[[ Records for the task, beginning ]]

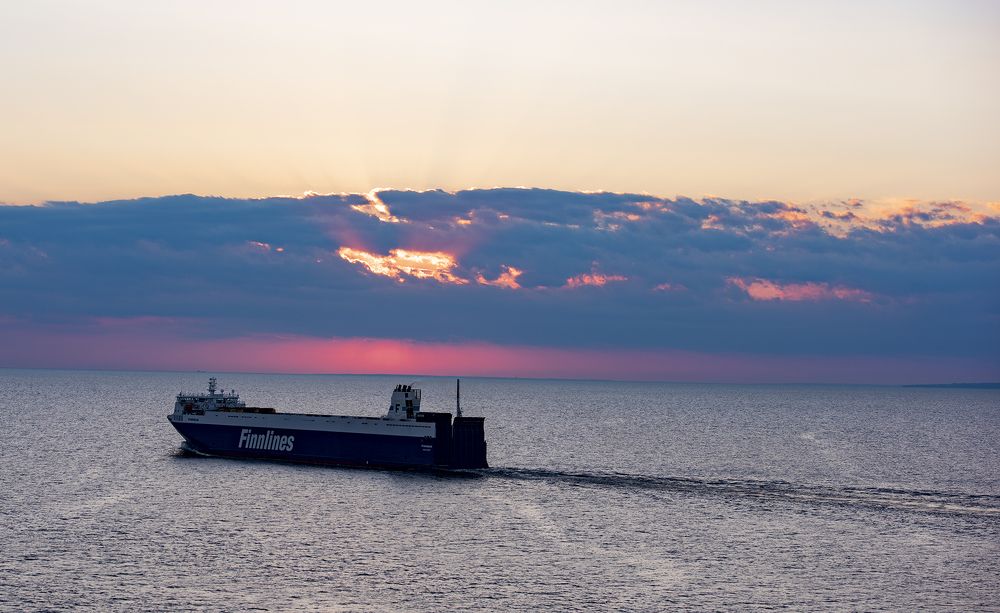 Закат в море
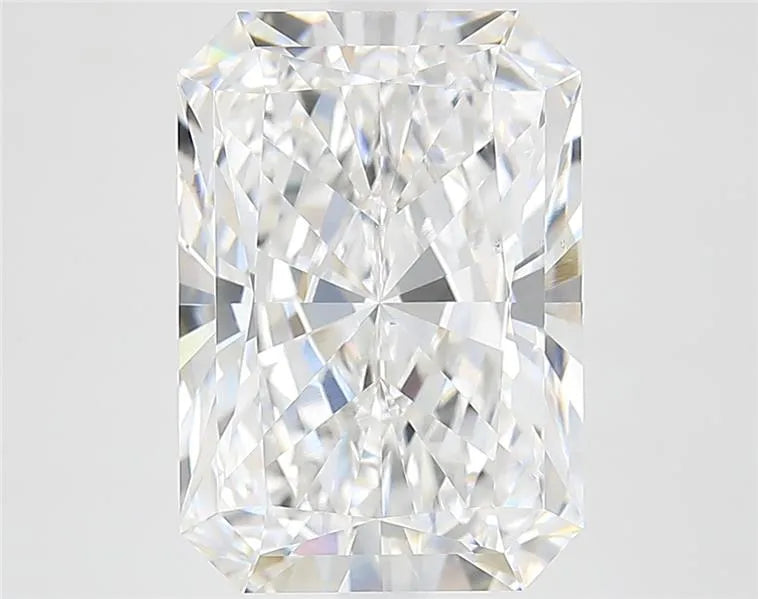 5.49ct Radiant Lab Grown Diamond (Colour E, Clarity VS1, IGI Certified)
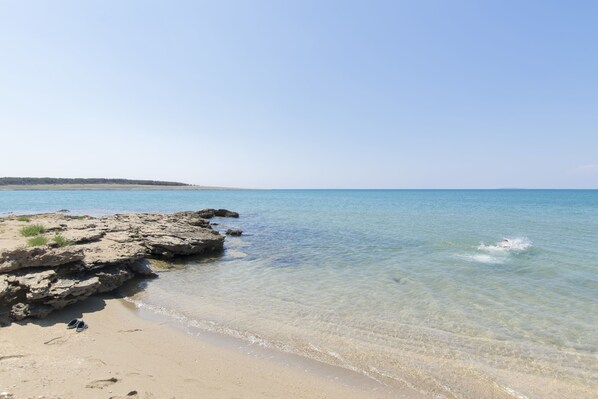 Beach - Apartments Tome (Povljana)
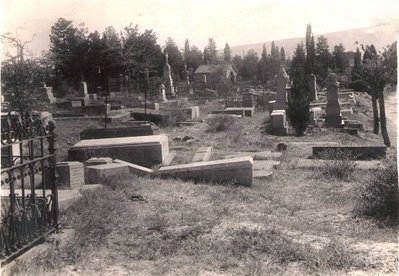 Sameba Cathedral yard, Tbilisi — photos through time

[[ Records for the task, end ]]
[[ Records for the task, beginning ]]

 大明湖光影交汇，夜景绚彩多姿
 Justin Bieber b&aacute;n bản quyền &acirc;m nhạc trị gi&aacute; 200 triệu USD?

[[ Records for the task, end ]]

## Exercise instructions
Go back to the listing above and write out the lines starting at the one with "Beach - Apartments Tome (Povljana)" and ending at the one with "Sameba Cathedral yard, Tbilisi", inclusive, exactly and without pictures.

## Task solution
 Beach - Apartments Tome (Povljana)
 Sameba Cathedral yard, Tbilisi — photos through time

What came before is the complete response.